Revenons aux récits, de manière plus précise quant à leur sens et au texte lui-même.

   Le récit élohiste parle d’Adam, l’homme en géné­ral et tous les hommes dans l’unité de leur nature. Le texte hébreux dans sa logique peut se traduire ainsi : « Dieu créa Adam ( l’homme ) à son image, il le créa à l’image de Dieu, il le créa mâle et femelle » ( Gn 1:27 ). Selon ce texte, la légitimité du mariage ne se fonde pas sur la volonté de l’homme ou de la femme, mais sur l’intention divine, constitu­tive de la nature de l’homme.

   Dans le second chapitre l’homme, créé avant la femme et celle-ci pour lui, est aussi l’arbitre du ma­riage.

   Ajoutons que les paroles de l’institution du maria­ge sont énoncées par Adam, et non par Dieu, dès qu’il constate qu’elle est « os de ses os et chair de sa chair ». Rappelons le texte : « C’est pourquoi l’homme quittera son père et sa mère, s’attachera à sa femme, et les deux seront une seule chair ». C’est pourquoi ! Adam, le mâle, s’adresse à tous les hommes qui naîtront de lui.

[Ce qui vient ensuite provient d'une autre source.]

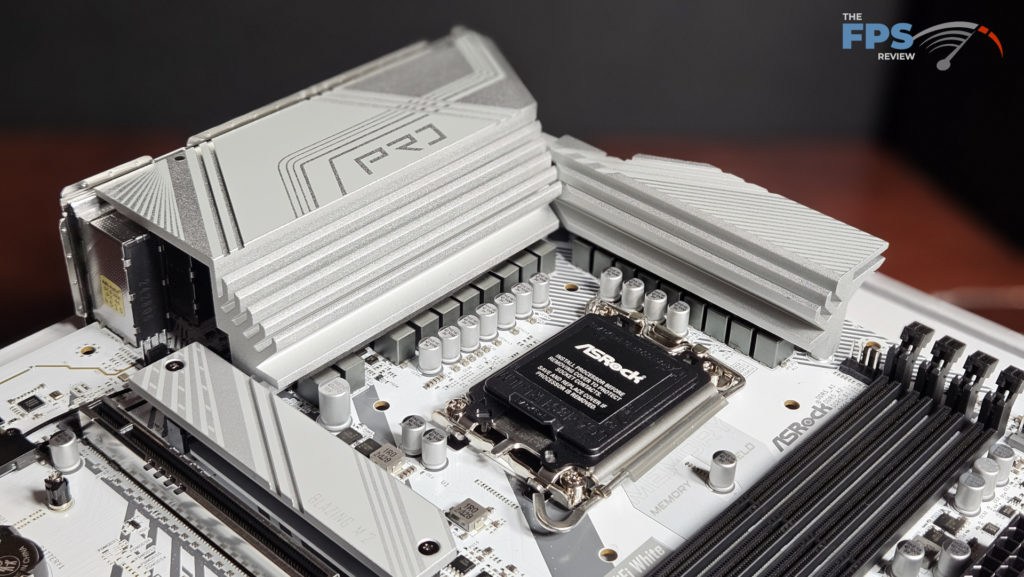 ASRock Z890 Pro RS WiFi White motherboard: VRM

En effet, dans « l’hom­me quittera » le mot employé n’est pas « Adam », mais « isch », qui caractérise l’individu mâle, par opposition à l’individu femelle, « Ischa », extrait de lui.


Nous avons déjà indiqué que ces deux textes ont été assemblés par bricolage, par des jonctions et des retouches qui invitent le lecteur à infléchir le sens du premier récit vers le second, en remplaçant par exemple le pronom singulier « le » par le pluriel « les » dans l’énoncé : « Il ( Dieu ) le créa (l’hom­me) mâle et femelle ».

   Par cette mutation, le lecteur sépare l’énoncé de la phrase dont il fait partie, et donc de son sujet « homme », pour le constituer en une affirmation autonome ayant son propre sens : « Dieu a créé l’homme et la femme », ce qui est la traduction mo­derne. Il n’est donc pas contradictoire de relier cet énoncé au récit de la création du second chapitre. Dieu a bien créé l’homme et la femme dans cet or­dre : d’abord l’homme, puis la femme, en l’extrayant de la chair de l’homme.


Cette exégèse confirme le jugement de Jésus sur le précepte du divorce : il ne s’agit pas d’abord d’un commandement de Dieu, mais d’un privilège que Moïse a concédé aux hommes en raison de leur pouvoir sur les femmes. Ce privilège ne peut pas être considéré comme une Loi divine, car Dieu a créé la femme en même temps que l’homme, et in­dépendamment de lui. L’homme ne peut pas répu­dier sa femme, et la femme ne peut pas se séparer de l’homme, car leur union dépend de Dieu. Ce précepte ne se légitime qu’en renonçant au récit élohiste de la création, ou en biaisant sa signification. Dieu n’aurait pas créé l’homme mâle et femelle, mais un individu mâle ( isch ), soumis à une opéra­tion pour former de lui une femme ( ischa ), à partir de lui-même et pour combler sa solitude.